Though younger New Yorkers use TikTok to find housing, the city’s public advocate, Jumaane Williams, cautions those looking to move into the city to always do their “due diligence” when securing housing using any form of social media. In an interview with the Daily Dot, he also said that the city “needs to do a better job of public awareness and education” surrounding affordable housing so that people aren’t just relying on TikTok.

“There has been just utter failure on every level of government,” Williams said of the current state of New York’s housing landscape. 

And he feels social media platforms like TikTok have made things worse because they have heightened the competition in the housing market.

“We’re now picking up hyper-competition on scarcer and scarcer units,” Williams told the Daily Dot. “And people who have any sort of means rise to the top in that.”

Williams says this means affordable housing like rent-stabilized apartments, units, and buildings included in the city’s affordable housing lottery—and New York City Housing Authority (NYCHA) units—end up not going to those who need it most. 

“There’s a lot of discrepancy.

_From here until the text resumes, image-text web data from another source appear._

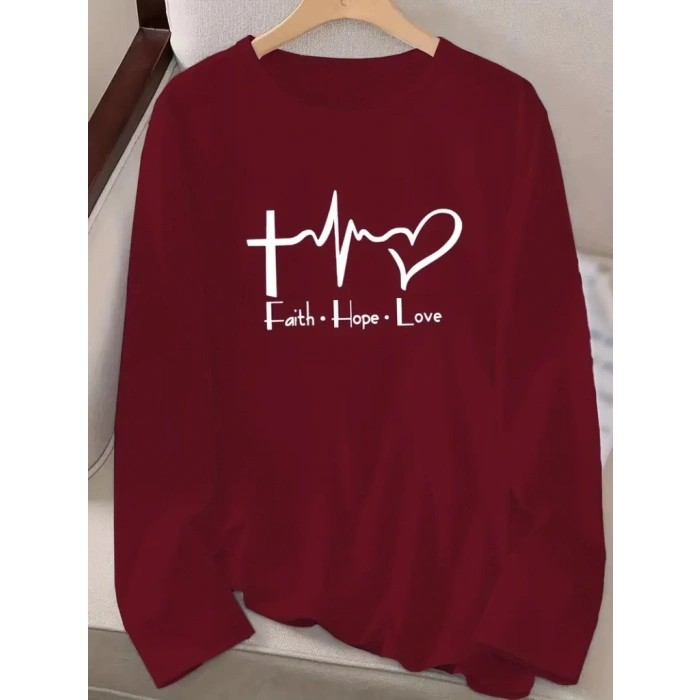 Kadın Uzun Kollu Bisiklet Yaka Desenli Vskon Bluz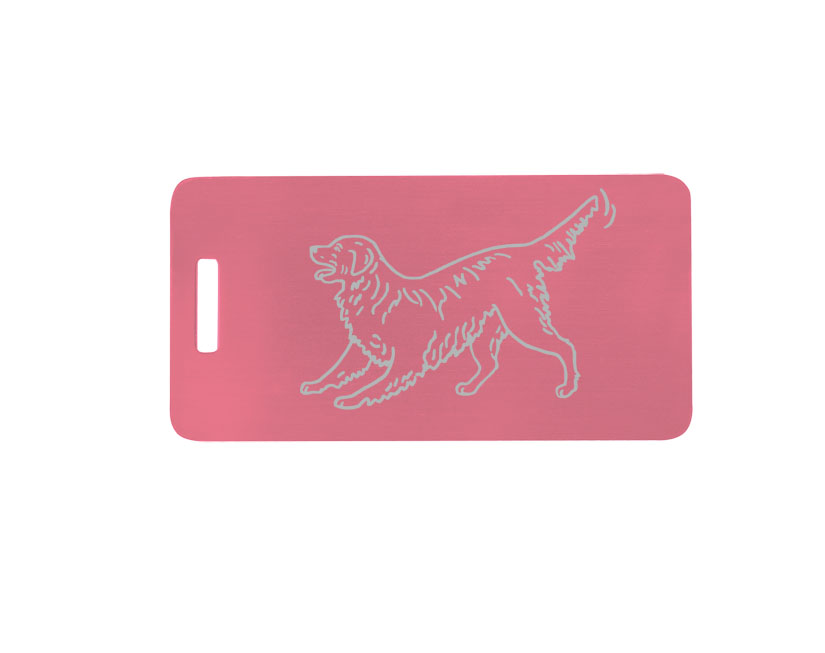 Engraved aluminum luggage tag with your choice of Golden Retriever design and personalized text. Golden Retriever Backpack Tag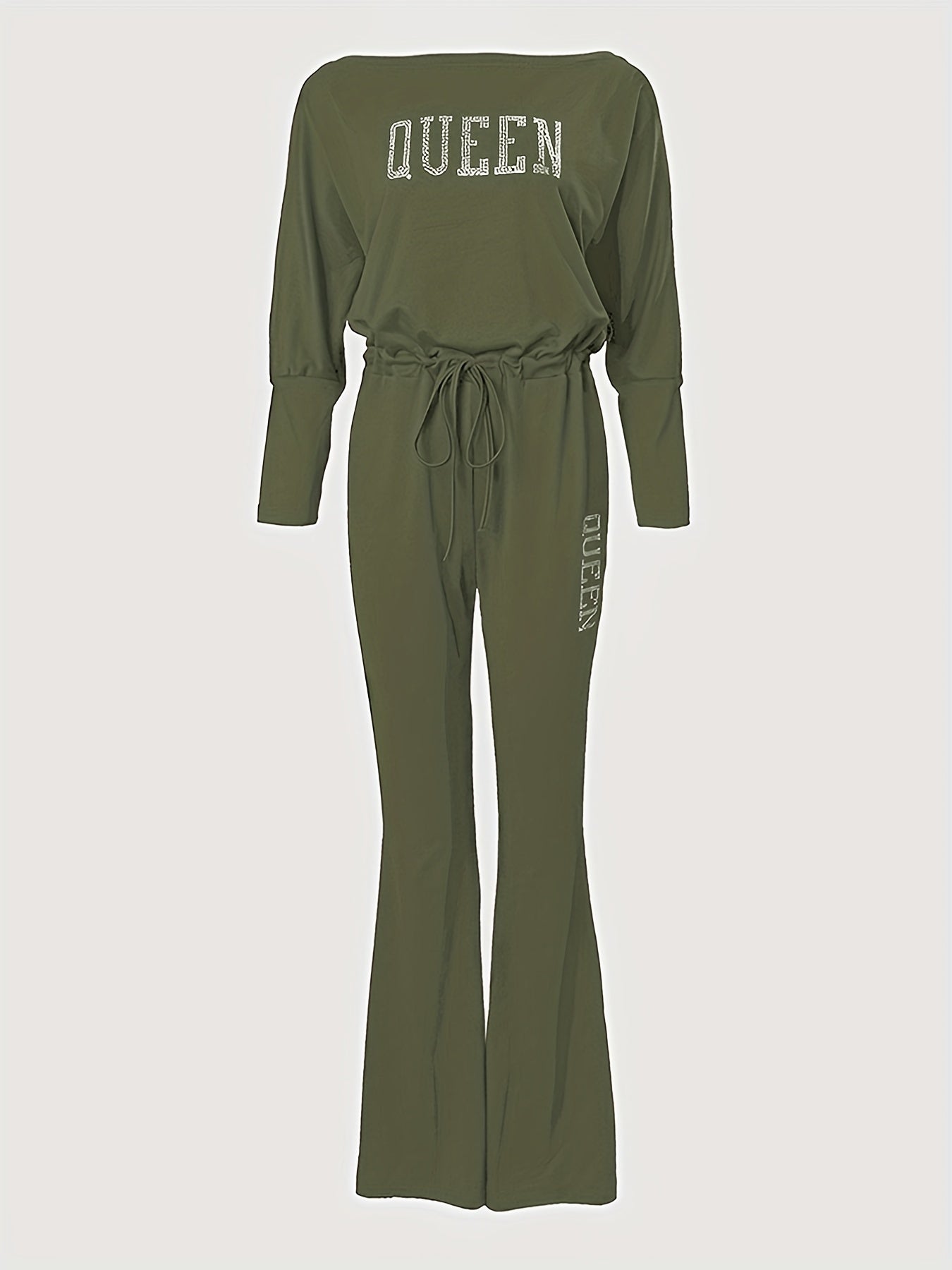Solid Queen Print Off Shoulder Jumpsuit Casual Batwing Long Sleeve Jumpsuit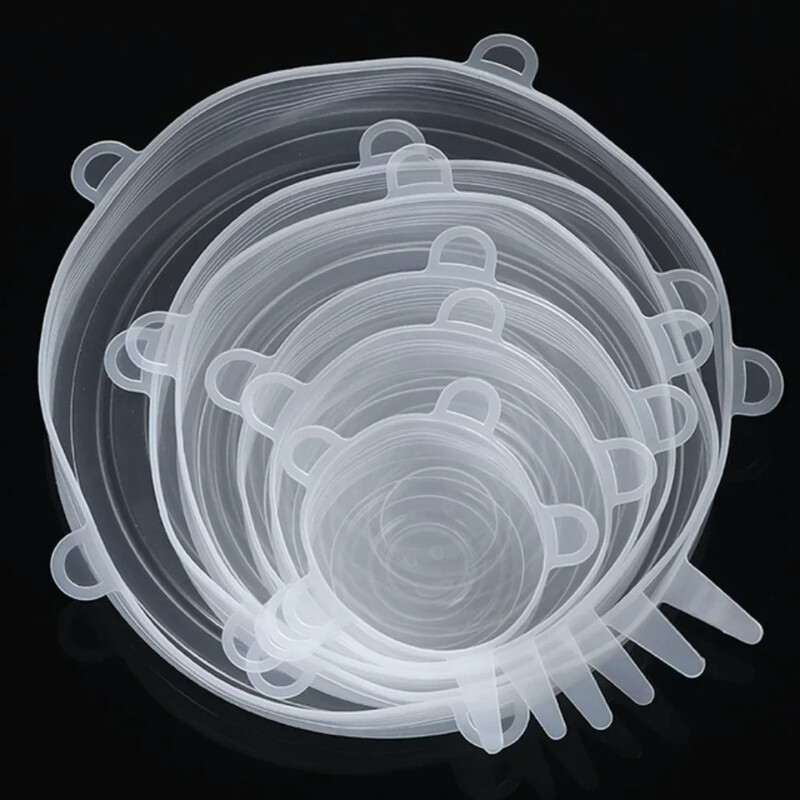 6 vnt Stiklainių dangteliai Silikoniniai dangteliai Maisto dangteliai Šviežiai išlaikantys dangteliai Mikrobangų krosnelės dangteliai Tamprus silikoninis dangtelis Virtuvės reikmenims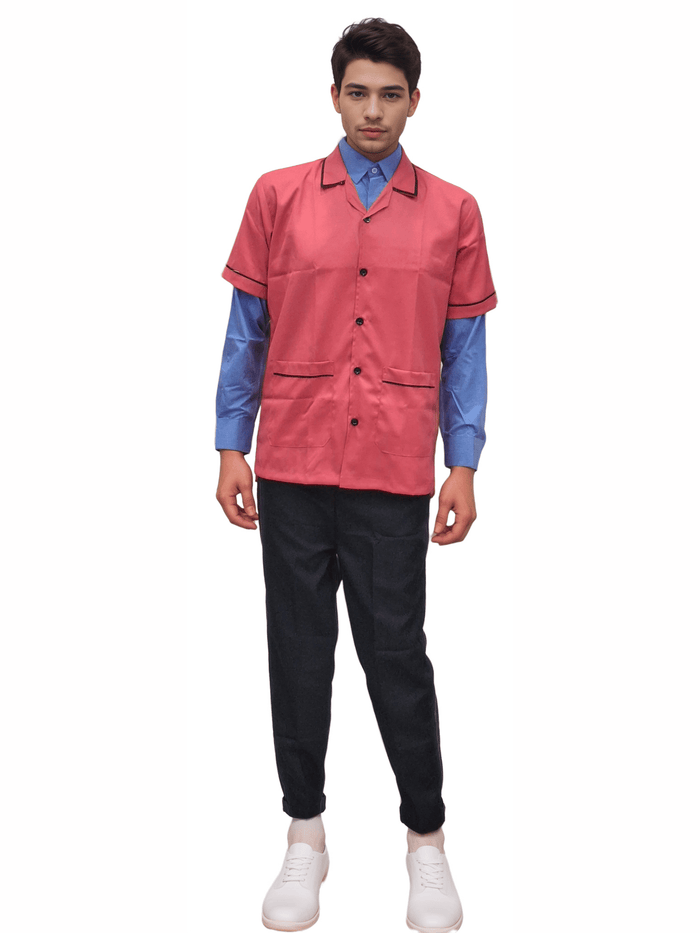 Apron Half Sleeves in Strawberry Colour - Perfect Half Sleeve Strawberry Apron - J R GARMENTS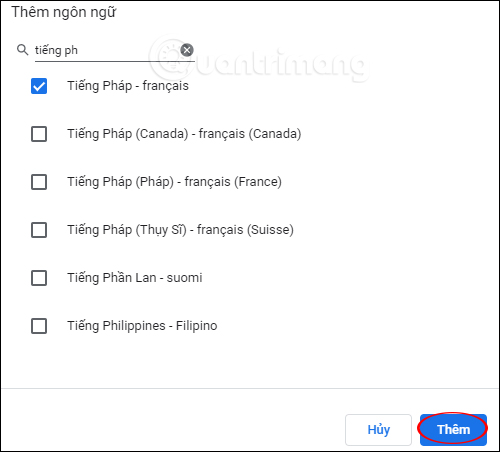 Chọn ngôn ngữ muốn thêm 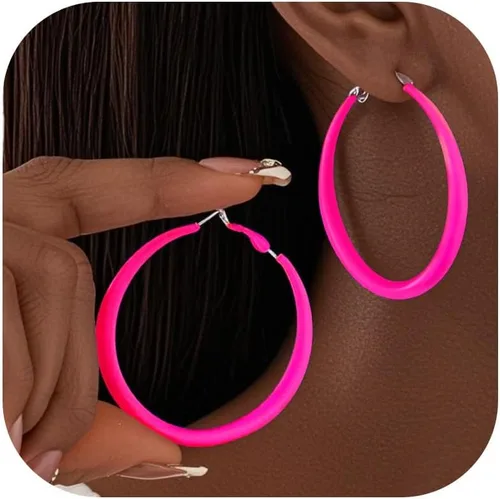 Aretes de aro coloridos retro de los años 80 y 90 para mujer, aretes de fiesta vintage de neón para trajes diarios, vestidos de noche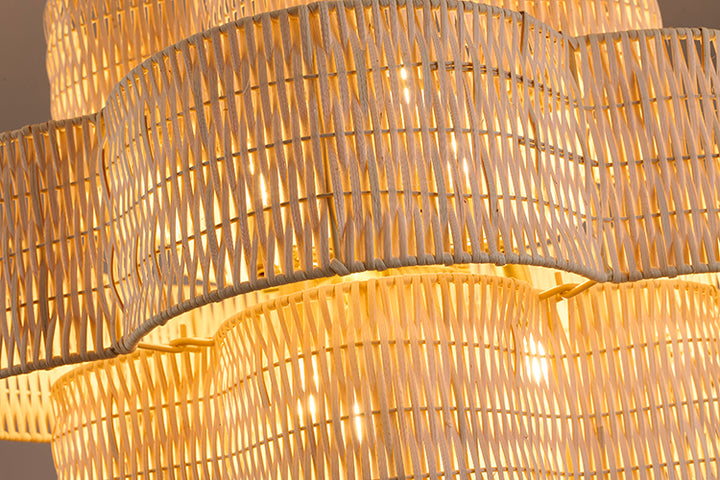 Rattan Waved Basket Pendant Light with Brass Hardware by Bethel - view 5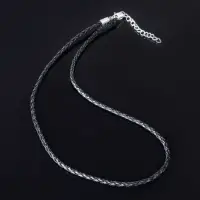 Шнурок кожаный d=3 мм, 45 см, чёрный, косичка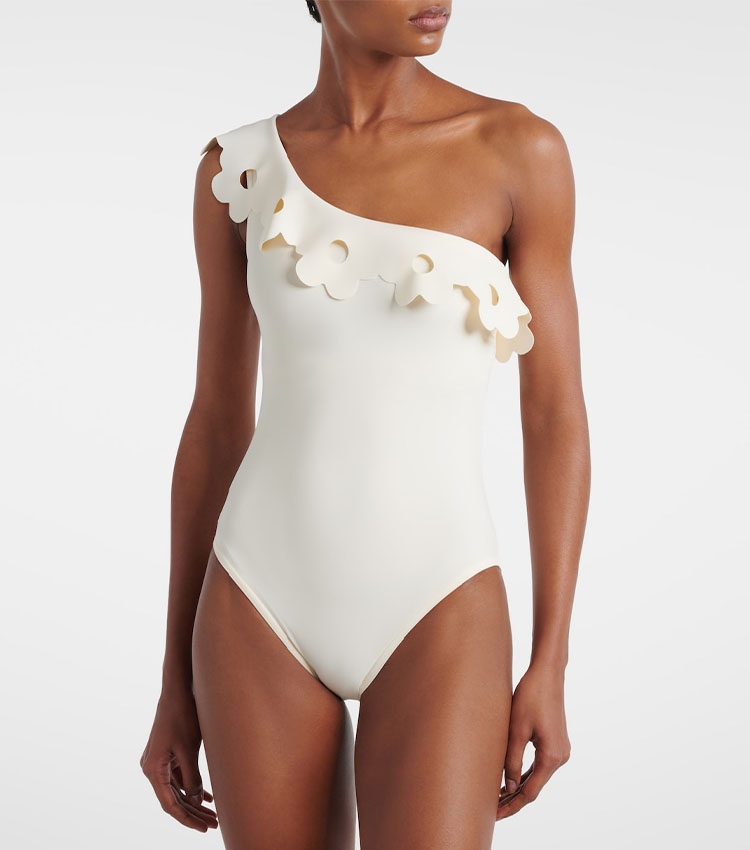 One Shoulder Solid Color Swimsuit Set(s)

And I think that’s why you see homelessness rise [while] housing prices increase,” Williams told the Daily Dot. “They’re very deeply connected.”

In August, Coalition for the Homeless reported that there were over 55,000 unhoused people in New York City’s shelter system. That’s about 30,000 fewer people than there were vacant rent-stabilized apartments in 2021.

As for social media and TikTok’s role in that discrepancy, Williams said he knows the popularity of using such platforms to find housing isn’t going away. 

“We just have to do a better job educating folks on how to use it better,” Williams said.